**Information supplied**
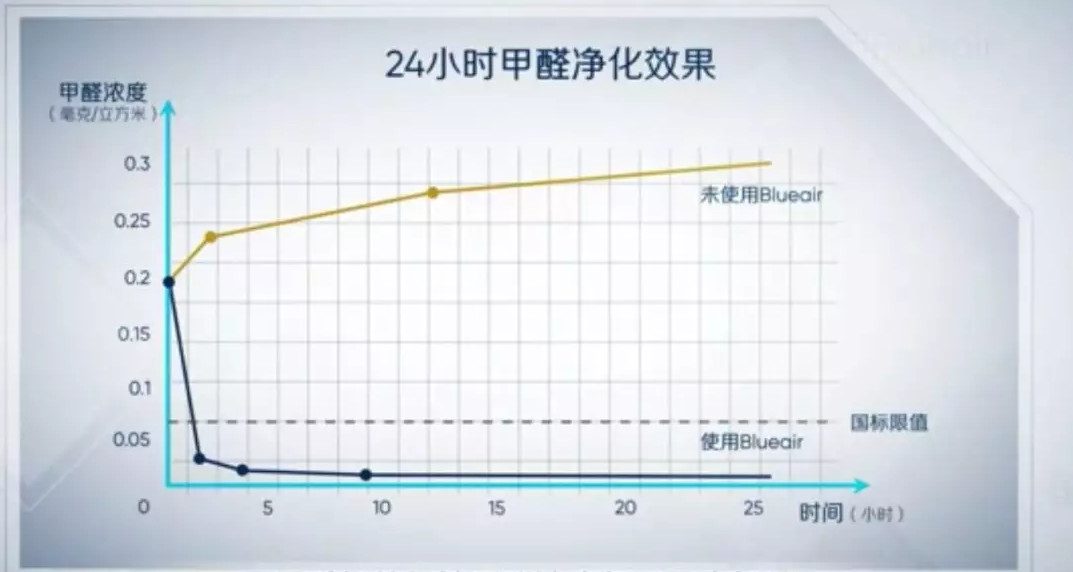 1559490146425365.jpg 平安好医生blueair,blueair平安好医生,blueair除甲醛,blueair去甲醛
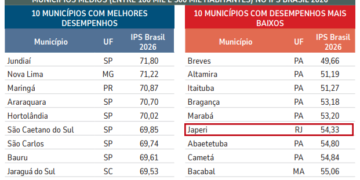 Japeri amarga a 6ª pior posição em qualidade de vida no ranking nacional de municípios médios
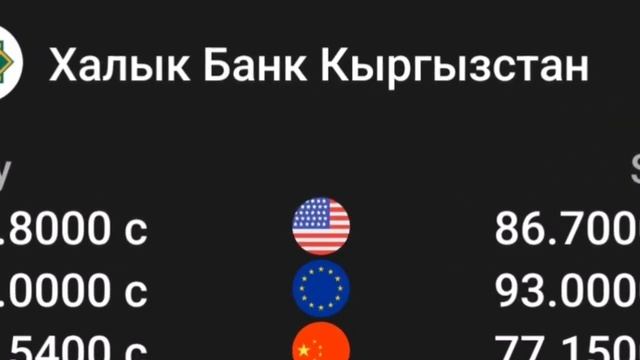 🇰🇬курс Кыргызстан 🫡 курс валюта сегодня 5.07.2024 курс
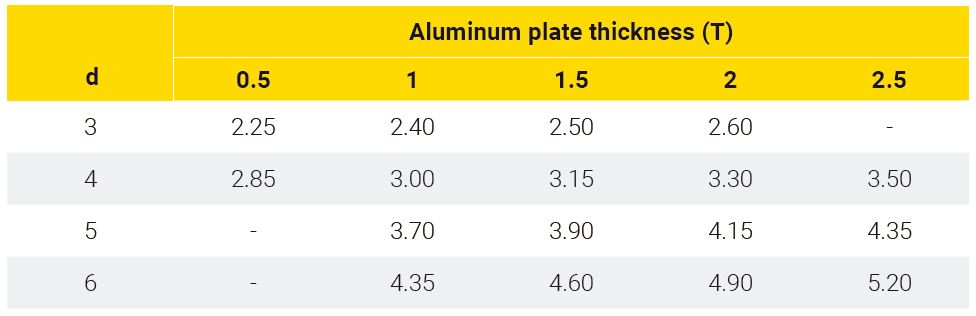 pilot hole diameter thin sheet alumnium FASTITE 2000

**Task goal**
Line by line, reproduce exactly the lines from the one containing "сегодня 5.07.2024 курс" through the final line of the material, both included, leaving every picture out.

**Problem solution**
 🇰🇬курс Кыргызстан 🫡 курс валюта сегодня 5.07.2024 курс
 pilot hole diameter thin sheet alumnium FASTITE 2000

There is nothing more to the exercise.